Structured documents

Structured documents follow a consistent structure and clear layout where data is typed or written, making it easier for automated systems to extract and process data. Data extraction model used for such documents uses a combination of optical character recognition (OCR) capabilities with template-based model to extract key-value pairs and table data from structured documents.

The following are some of the examples of structured documents:

  • Application forms
  • Surveys
  • Passports
  • Tax forms

Semi-structured documents

Semi-structured documents are documents that have some structure or predictable format, like structured documents, but also have some variations in the layout or content. Some documents might contain common data elements, but the data might be in different locations in different documents. Data extraction model used for such documents uses a combination of OCR capabilities with keyword-based extraction, regular expressions, and validation feedback to extract key-value pairs and table data from semi-structured documents.

The following are some of the examples of semi-structured documents:

  • Invoices
  • Purchase orders (PO)
  • Bills of lading
  • Explanations of benefits (EOB)

Unstructured documents

Unstructured documents lack a standard format, fixed layout, or data without labels. The data is mostly in a natural language format without a consistent structure. The data extraction model uses a combination of OCR capabilities with natural language processing (NLP) and generative AI technologies to perform semantic analysis and to extract key-value pairs and table data from unstructured documents.

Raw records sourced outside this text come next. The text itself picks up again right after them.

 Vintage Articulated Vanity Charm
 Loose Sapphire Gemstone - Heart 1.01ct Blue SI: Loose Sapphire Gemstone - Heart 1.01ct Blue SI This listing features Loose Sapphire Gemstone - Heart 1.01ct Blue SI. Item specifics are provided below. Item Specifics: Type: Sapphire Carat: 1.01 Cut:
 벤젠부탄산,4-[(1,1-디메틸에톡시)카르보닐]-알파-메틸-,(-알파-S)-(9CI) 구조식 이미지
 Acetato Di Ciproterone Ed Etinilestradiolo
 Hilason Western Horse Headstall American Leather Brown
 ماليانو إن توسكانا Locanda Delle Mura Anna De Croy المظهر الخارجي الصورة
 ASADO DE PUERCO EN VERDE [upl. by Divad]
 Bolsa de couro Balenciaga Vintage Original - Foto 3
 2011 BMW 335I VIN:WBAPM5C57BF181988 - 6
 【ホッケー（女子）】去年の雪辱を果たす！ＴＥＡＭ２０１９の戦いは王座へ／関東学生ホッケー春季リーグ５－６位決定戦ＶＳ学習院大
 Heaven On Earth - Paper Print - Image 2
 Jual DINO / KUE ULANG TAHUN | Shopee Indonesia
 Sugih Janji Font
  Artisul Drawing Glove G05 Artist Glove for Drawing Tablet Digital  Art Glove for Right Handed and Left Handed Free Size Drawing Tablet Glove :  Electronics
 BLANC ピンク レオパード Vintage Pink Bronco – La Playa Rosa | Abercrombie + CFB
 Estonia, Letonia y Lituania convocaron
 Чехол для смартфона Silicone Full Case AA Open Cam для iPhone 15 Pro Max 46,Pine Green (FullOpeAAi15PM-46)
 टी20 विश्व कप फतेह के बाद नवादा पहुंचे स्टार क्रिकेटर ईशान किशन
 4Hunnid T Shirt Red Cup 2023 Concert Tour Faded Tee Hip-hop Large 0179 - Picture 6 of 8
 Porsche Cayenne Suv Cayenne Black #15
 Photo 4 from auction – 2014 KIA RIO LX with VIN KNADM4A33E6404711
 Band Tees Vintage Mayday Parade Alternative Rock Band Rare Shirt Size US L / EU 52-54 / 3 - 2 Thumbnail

The following are some of the examples of unstructured documents:

  • Legal documents
  • Correspondence (including emails)
  • Reports
Document Automation can handle data extraction from all these document types. However, understanding which category your documents fall into is important for deciding which options to use for extracting data.
注: The Improve accuracy using validation option to provide validation feedback is not supported for unstructured documents.